To see one’s career as an expression of the product will be quite enlightening. Any framework can be applied to this: priority for ICE development opportunities, sprint expertise growth planning, or testing of acquired MVP skills.
It’s simple. Therefore, to become a senior, one should not only focus on solving the undefined problems; it is more about readiness to accept those problems.
4. Go beyond the existing frameworks.
“I witnessed the performance of others all the time, I understand the solution’s key factors; however, I will not just mindlessly copy and paste, rather, I’ll experiment with it.”
A good senior uses a critical approach toward the existing solutions. But first, every PM should grow within the process and learn basic and effective problem solving by using well-established frameworks.
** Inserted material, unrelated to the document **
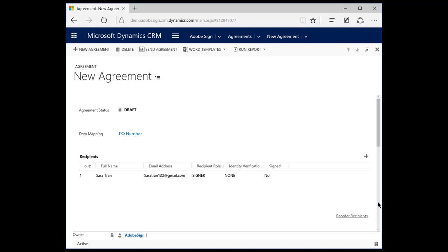Using this two-way data mapping between Dynamics and Adobe Sign, you can make sure that your employees don't have to manually type or copy and paste information between the electronic contract and Dynamics.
The next stage is “I know how to fill and empty the backlog; the developers and stakeholders are no longer an obstacle. What else do I need for finding an undefined problem and solving it from scratch?”
A middle PM can move to the next level once she realizes they have enough experience of the process and it is time for conceptional growth. Everyone will have their own search and their own route. Usually, that won’t mean the new frameworks or tools; rather, it will involve overcoming mental barriers like a lack of interest in details, lack of motivation, fear of responsibility, and pride. If you are ready to overcome those, new solutions will come your way.
Imagine that while studying the JTDB interview you notice some unexpected insights from users describing the case, and those insights do not match the initial picture. On the one hand, they do not match the “I Hire the Product for a job” logic and so they can be discarded; on the other hand, they can still prove useful and completely change the topic of research. The seasoned practicing product manager will be able to find that balance (not to quit on the insights but reduce the JTBD study continuation time and test the new hypothesis in the background) and, if necessary, to promptly change the strategy, saving weeks or even months of development time.
5. Move from methodology to tailormade solutions
When frameworks are replaced by creativity, the product manager’s work reaches the conceptual level. That does not mean you should stop being hands on or communicating with users. The approach is changing: any problem can be considered outside the context of applicable methodology, as well as outside the context of the problem itself.
Let’s see how this transformation works using the split-testing culture example. The rules prescribe to test hypotheses and reach statistical significance. What if there is a way to get the results of the experiment earlier by sacrificing the reasonable result accuracy minimum? At Flo, we solved this problem in a mathematical way. It was possible because the product manager has used an innovative approach instead of a verified methodology.
Another 10 methodologies mastered in theory will come in handy, especially if you use them on the regular basis. However, it is much more important for a Senior to have the ability to see the problem from a new angle and take it meta.
Obviously, it is not really possible to entirely avoid the use of the basic hard skills, knowledge, and ability to apply the product frameworks, or the ability to communicate with people, particularly to get across your point of view and grasp that of others. It is more important to be ready for new challenges. Listen and notice what you didn’t notice before. Work with projects that require strong skills. Be responsible for metrics that cannot be entirely controlled alone.
Somewhere along that path, every product manager will reach senior level. Nobody knows where and when. Still, one should be ready for that moment.